Fig. 3. Map of East Anglia, Climatecentral.org. Areas in red are expected to be under the annual flood level by 2050. Much of this land is at or below sea level already, and will be increasingly difficult to defend.
In Decolonizing Nature (Demos 2016: p.8) TJ Demos argues that “The way we regard nature impacts on how we organise society , assign responsibility for environmental change and assess social impact.” Today, The Wash is still presented as an empty landscape that could be further developed for profit. For example the most recent proposal for a barrage across The Wash is an “11-mile (18km) link between Norfolk and Lincolnshire that would include a road, railway line, hydroelectric power plant and offshore container port.” (BBC 2023), the developers claim that this could be achieved while “preserving the natural habitat” (Center Port 2023), a claim has been challenged by local wildlife organisations.

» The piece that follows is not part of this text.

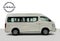 2024 Nissan Urvan URVAN 14 PASAJEROS AMPLIA AA '24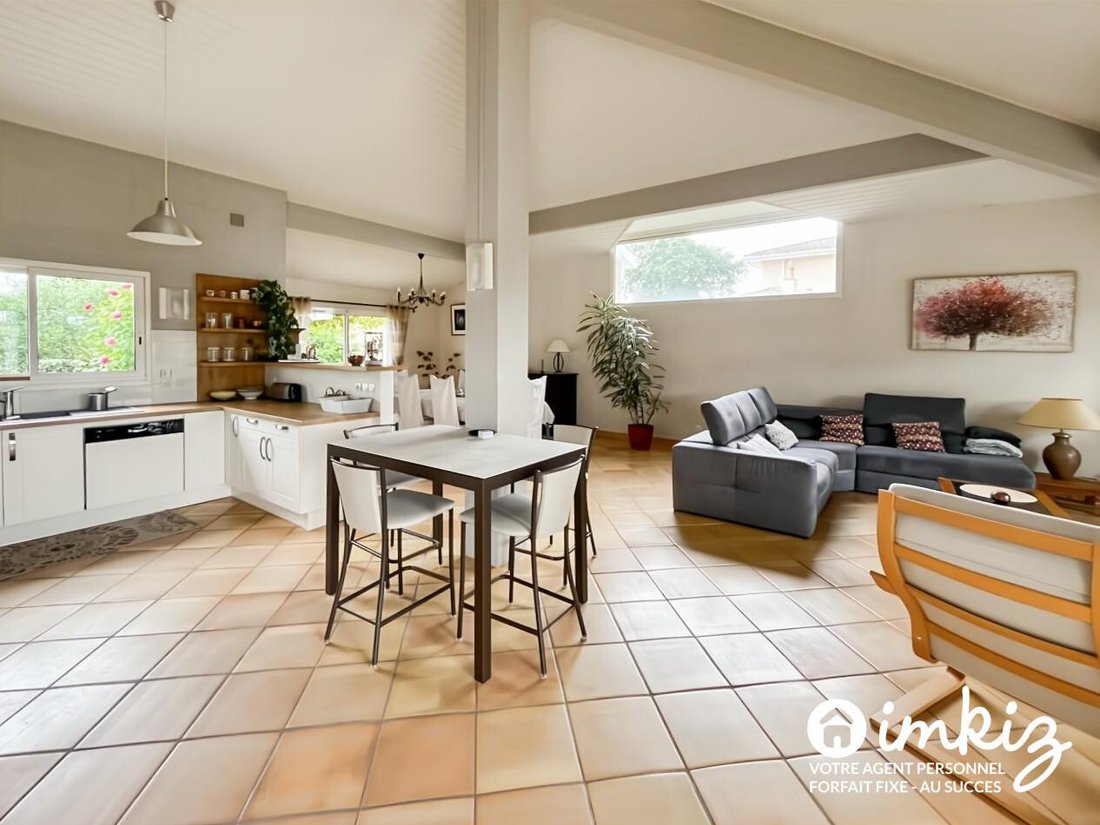 House in Ornon, Gradignan, France 2 - 18413686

Like Berry (2006), in Staying with the Trouble, Donna Haraway (2016) offers a method of expanding our thought processes beyond the human centric view of man. Haraway revels in constant change and evolution, that is not static or stuck in taxonomic structures, but demands that we move freely in thought between species and times. Applying this thinking to The Wash there is a need to find ways to live with the incoming tide and rising sea levels rather than to barricade against it, to ‘live with the trouble’ as Haraway proposes (Haraway 2016). In The Wash this could be achieved by recognising the agency of the sea and its right to expand by returning fresh water grazing marsh to saltmarsh instead of building higher sea walls. Or by implementing Kimmerer’s (Kimmerer 2013) ideas of reciprocity between species, and extending the existing system of shell fish licensing in The Wash that ensures humans don’t extract so much shellfish that they cannot spawn a new generation and that there is plenty available for migratory birds that visit The Wash in the hundreds of thousands each season. “Making odd kin” as Haraway (Haraway 2016, p.2) suggests is a way of moving towards multi species environmental justice – including “justice for all people not only the privileged minority” (Haraway 2016). The post human lens recognises nonhuman agency and the opportunity for humans to learn from and communicate with other species. Timothy Morton (Morton 2021) argues for the possibility of better communication between species and, philosopher Emmanuale Cocci (Cocci 2020) suggests that it is mutual assistance which has enabled all species to evolve, rather than competition between species. How evidence from nonhuman and human species can come together is explored below.
The Wash as a Witness
There is a strong theoretical tradition of witnessing which Sheila Sheikh explores in her paper The future of the Witness: Nature, Race and More-than-human Environmental Publics. (Sheikh 2018). Sheikh begins by exploring Lesley Green’s 2014 paper Ecology, Race, and the Making of Environmental Publics: A Dialogue with Silent Spring in South Africa’ (Green 2014) which identifies the need to create diverse ‘environmental publics’ in post-apartheid South Africa, Sheikh (Sheikh 2018) points out that this need is global as there are many instances where “environmental violence is enacted both against racialised human bodies and against nature” (Sheikh 2018 P.145), thereby entangling human and nonhuman rights. Sheikh describes how invariably “nature is treated as an object, as a resource without voice or rights.” (Sheikh 2018 p146). This resonates with the treatment of The Wash, where years of engineering, has restricted the life of nonhumans, including the sea and species living in it.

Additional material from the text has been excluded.